THE true cost of austerity measures imposed by the UK Government has been calculated for Edinburgh ­— and it shows that less well off people in the capital face losing hundreds of millions in so-called welfare payments.

A new report on welfare reform going to the city council today shows that, after the announcements in the summer Budget of Chancellor George Osborne, the recipients of welfare payments in Edinburgh will be a total of £270 million worse off over the next five years.

The corporate policy and strategy committee will be given an update on the welfare-reform measures showing that in the space of 20 months, the value of the austerity cuts as it affects the capital has soared from a total of £223m to £270m over five years. Some 64 per cent of the cuts in payments to Edinburgh residents will be achieved through cuts in working-age benefits, tax credits and Universal Credit, the latter being introduced in Edinburgh earlier this year.

The report was produced before the House of Lords’ decision on tax credits last week. But council sources say that they anticipate the cuts going ahead anyway.

According to the report by the council’s business intelligence officer, the UK government’s freeze on working-age benefits, tax credits and local housing allowances will mean a cut of £81.9m of payments in Edinburgh.

Reducing income thresholds in tax credits and work allowances in Universal Credit is projected to save a total of £90.1m of payments to claimants in Edinburgh.

A further five measures account for total estimated welfare cuts of almost £86m in Edinburgh over the period, says the report.

These include measures to reduce the overall benefits cap for households, limit the child element to two children in new tax-credit claims, remove the family element in tax-credit claims, increase the tax-credit taper rate, and additional payments associated with the employment and support allowance work-related activity.

The report says that the estimates are based on available data on the number of Edinburgh-based benefits claimants in each group affected by policy measures announced in the summer Budget.

It says: “Overall, the analysis estimates that of total UK welfare payment cuts of £46.5 billion … the total value of cuts to recipients based in the city of Edinburgh is estimated at some £270m, or 0.6 per cent of the UK total.

“These cuts are expected to phase in over time, rising from some £28m in 2016-17 to £77m in 2020-21.

“No data is published on the actual value of current benefits and tax-credit payments to recipients in Edinburgh, but based on available data on the number of benefits recipients in the city it is estimated that these cuts are made from current benefits payments of some £1.6bn per annum.”

Committee convener Councillor Ricky Henderson said that the new report shows that the scale of cuts to benefit payments in Edinburgh had taken a big step up in the past two years, and especially since the Conservative government took office in May.

Henderson said: “This is the first report we have had since the Budget, and for the first time people can see the total amount of money that is coming out of people’s pockets.

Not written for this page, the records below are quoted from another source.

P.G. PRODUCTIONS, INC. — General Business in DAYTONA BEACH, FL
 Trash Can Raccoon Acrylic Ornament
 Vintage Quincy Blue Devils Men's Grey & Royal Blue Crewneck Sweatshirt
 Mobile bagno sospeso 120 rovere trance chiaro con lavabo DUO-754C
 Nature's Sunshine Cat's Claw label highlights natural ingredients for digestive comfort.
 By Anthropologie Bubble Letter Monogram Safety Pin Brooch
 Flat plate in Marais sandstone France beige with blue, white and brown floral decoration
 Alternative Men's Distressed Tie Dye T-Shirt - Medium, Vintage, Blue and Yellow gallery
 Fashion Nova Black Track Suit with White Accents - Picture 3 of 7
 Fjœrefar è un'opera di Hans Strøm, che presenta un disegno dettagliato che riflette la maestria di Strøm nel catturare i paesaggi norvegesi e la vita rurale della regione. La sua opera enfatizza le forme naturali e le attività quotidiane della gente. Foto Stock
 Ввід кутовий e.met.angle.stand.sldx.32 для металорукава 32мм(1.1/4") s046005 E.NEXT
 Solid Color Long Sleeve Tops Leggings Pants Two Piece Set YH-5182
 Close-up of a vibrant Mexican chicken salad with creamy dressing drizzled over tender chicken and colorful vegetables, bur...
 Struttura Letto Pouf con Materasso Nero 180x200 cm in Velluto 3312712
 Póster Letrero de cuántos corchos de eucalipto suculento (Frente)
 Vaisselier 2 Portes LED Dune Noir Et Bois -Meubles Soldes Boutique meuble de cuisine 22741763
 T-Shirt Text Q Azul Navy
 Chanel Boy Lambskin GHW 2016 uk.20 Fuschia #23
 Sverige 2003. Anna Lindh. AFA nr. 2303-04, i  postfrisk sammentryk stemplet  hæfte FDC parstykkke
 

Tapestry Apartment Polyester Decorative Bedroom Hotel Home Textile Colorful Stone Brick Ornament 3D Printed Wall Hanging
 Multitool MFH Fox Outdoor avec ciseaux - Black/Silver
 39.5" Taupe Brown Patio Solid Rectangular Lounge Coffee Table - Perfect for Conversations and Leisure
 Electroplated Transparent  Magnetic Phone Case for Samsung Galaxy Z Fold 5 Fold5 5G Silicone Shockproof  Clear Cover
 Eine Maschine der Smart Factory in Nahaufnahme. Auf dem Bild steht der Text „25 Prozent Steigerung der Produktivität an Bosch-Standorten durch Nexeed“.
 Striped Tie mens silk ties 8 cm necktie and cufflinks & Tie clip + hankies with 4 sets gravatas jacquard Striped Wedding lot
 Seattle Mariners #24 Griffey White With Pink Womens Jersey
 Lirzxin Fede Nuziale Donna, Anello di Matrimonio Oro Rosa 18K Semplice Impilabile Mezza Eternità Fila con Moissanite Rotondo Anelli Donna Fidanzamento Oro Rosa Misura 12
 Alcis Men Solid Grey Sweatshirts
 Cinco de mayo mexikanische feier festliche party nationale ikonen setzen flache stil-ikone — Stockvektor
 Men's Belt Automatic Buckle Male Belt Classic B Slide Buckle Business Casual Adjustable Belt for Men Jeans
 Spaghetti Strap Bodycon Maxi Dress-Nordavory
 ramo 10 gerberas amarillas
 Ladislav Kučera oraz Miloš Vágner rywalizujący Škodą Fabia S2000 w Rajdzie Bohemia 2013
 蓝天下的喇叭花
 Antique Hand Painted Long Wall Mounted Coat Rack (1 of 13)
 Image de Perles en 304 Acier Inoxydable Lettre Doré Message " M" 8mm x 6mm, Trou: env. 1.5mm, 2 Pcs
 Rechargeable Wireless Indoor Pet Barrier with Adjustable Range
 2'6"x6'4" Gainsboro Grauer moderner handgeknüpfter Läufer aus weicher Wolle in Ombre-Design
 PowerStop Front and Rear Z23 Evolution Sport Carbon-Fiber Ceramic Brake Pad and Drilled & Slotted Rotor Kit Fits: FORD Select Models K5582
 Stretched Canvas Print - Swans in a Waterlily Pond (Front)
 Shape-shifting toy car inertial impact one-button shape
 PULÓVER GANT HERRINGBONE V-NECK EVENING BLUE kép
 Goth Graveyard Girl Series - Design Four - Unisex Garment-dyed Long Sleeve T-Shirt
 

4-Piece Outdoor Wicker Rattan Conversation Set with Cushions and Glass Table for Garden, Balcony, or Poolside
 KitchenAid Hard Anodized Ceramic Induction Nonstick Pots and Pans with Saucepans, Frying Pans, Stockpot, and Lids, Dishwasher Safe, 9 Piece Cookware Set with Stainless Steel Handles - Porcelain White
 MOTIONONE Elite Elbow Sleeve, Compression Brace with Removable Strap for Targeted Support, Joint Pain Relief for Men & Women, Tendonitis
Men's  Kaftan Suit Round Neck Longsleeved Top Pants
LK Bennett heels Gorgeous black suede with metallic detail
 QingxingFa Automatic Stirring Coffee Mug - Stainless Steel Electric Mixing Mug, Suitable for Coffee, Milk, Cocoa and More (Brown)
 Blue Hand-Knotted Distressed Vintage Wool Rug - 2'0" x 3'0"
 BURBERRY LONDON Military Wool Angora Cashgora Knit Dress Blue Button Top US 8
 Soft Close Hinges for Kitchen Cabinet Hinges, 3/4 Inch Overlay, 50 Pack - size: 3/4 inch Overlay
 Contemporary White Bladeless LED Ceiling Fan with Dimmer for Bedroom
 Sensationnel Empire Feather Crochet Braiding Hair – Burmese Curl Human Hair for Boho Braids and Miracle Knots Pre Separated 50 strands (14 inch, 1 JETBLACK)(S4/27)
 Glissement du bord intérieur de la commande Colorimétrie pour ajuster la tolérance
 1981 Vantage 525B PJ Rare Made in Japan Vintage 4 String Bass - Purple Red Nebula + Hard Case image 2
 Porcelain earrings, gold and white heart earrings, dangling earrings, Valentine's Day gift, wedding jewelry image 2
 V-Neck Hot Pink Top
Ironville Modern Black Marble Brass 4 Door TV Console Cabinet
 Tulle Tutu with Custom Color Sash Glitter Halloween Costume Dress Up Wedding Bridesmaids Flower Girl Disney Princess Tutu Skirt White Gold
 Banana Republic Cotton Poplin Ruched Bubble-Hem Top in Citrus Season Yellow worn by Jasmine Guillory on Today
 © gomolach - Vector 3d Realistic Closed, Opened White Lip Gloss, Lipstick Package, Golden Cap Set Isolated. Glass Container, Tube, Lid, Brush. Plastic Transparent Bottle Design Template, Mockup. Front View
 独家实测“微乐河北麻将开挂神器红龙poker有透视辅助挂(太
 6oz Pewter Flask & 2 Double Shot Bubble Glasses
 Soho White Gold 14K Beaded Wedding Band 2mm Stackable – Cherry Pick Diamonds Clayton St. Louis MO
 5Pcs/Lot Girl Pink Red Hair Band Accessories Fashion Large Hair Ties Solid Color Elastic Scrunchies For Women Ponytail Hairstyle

“These are the people in the city who are the least well off, and they are being asked to pay some £270m worth of pain over five years. It is a huge sum but the human cost is the real issue.

“If you are finding it tough to pay for things, then the last thing you need is £50 or £60 coming out of your income.

“That is my main concern ­— the hurt that is being done to people by these cuts.

“But it is worth pointing out that this is £270m that is not going to go into the Edinburgh economy, as the evidence shows that people who are less well off tend to spend their money locally.”